What you need to do = Would you return the data exactly as given, except for its pictures?

Provided data =

-=-=-

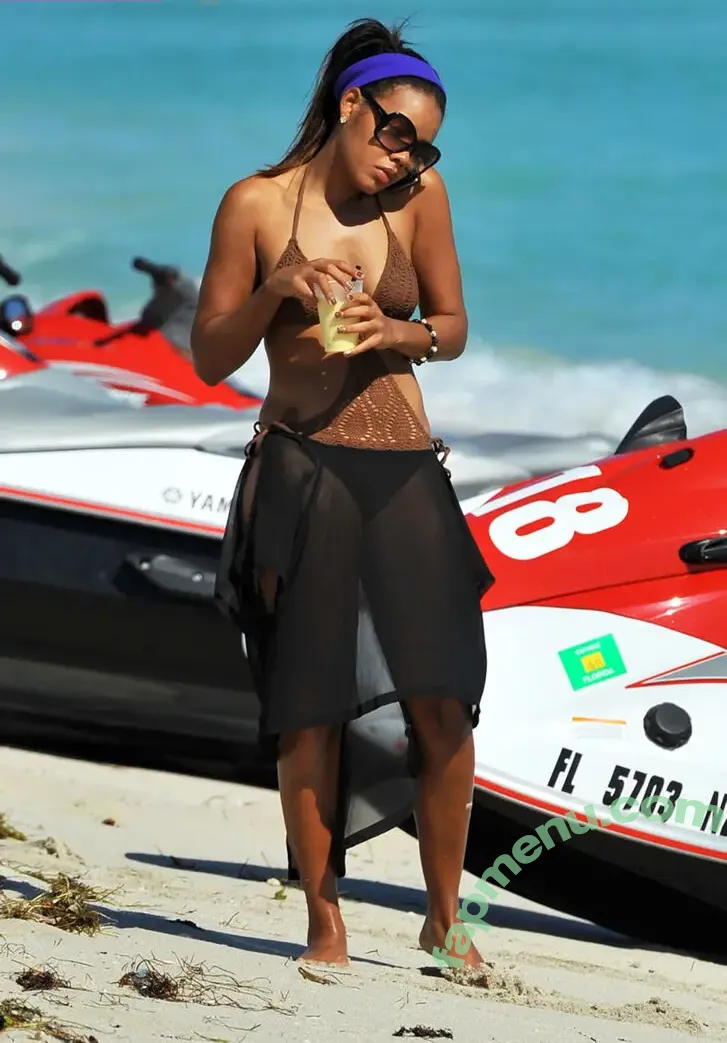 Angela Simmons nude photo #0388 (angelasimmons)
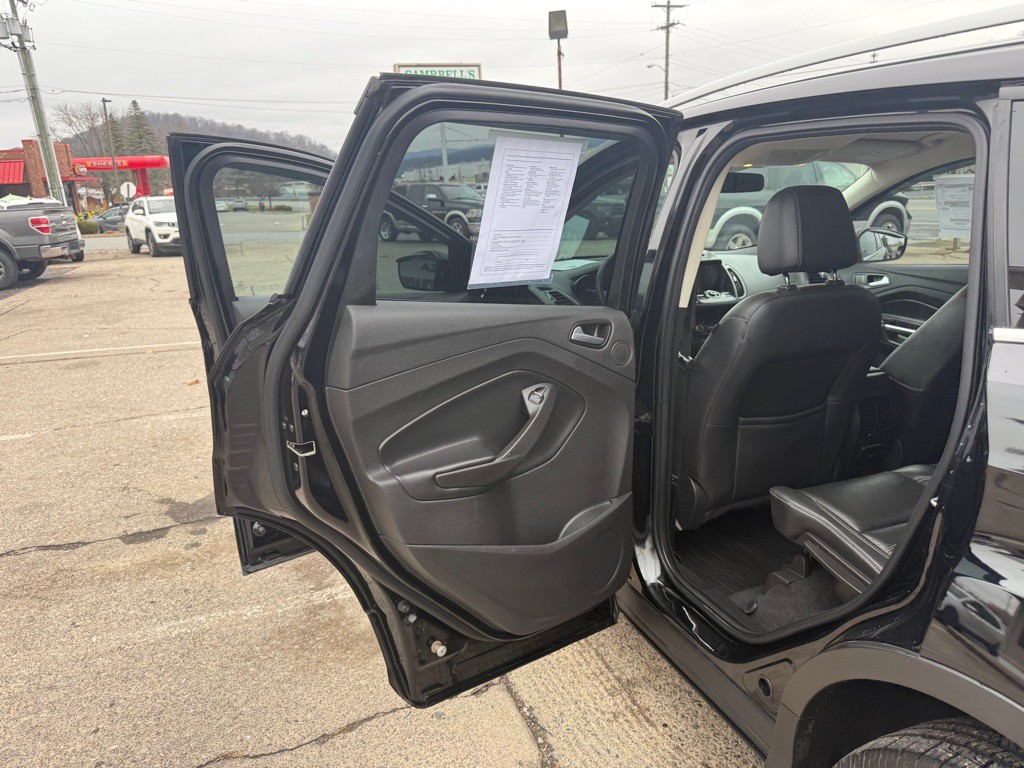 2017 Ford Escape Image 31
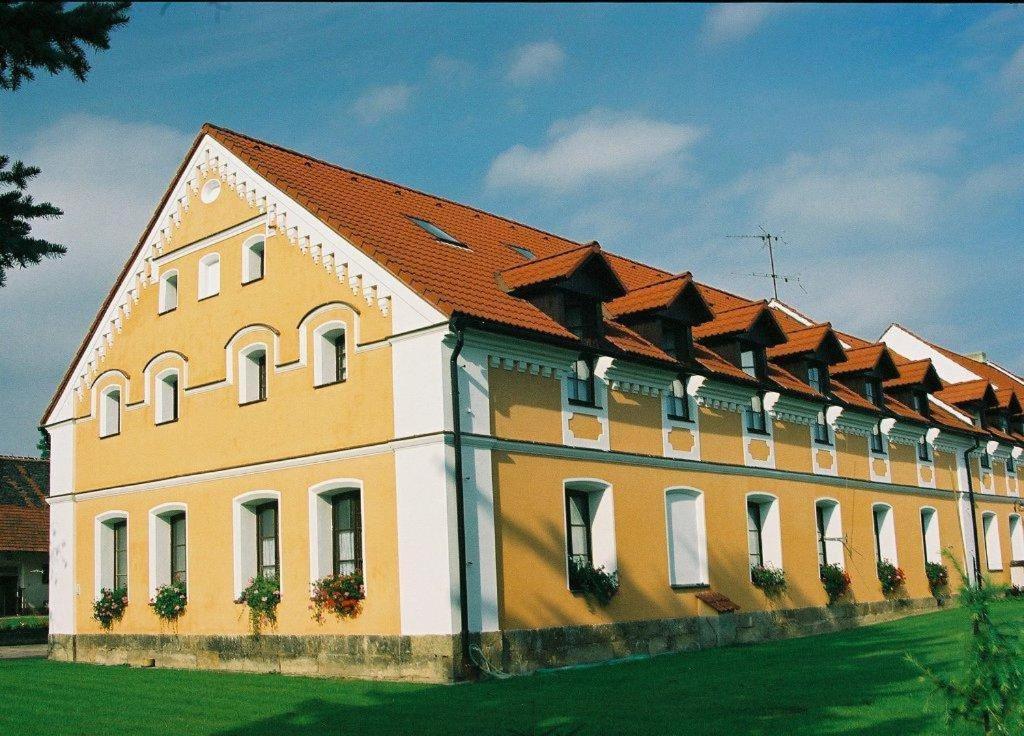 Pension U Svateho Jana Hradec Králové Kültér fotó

-=-=-

Expected answer =
 Angela Simmons nude photo #0388 (angelasimmons)
 2017 Ford Escape Image 31
 Pension U Svateho Jana Hradec Králové Kültér fotó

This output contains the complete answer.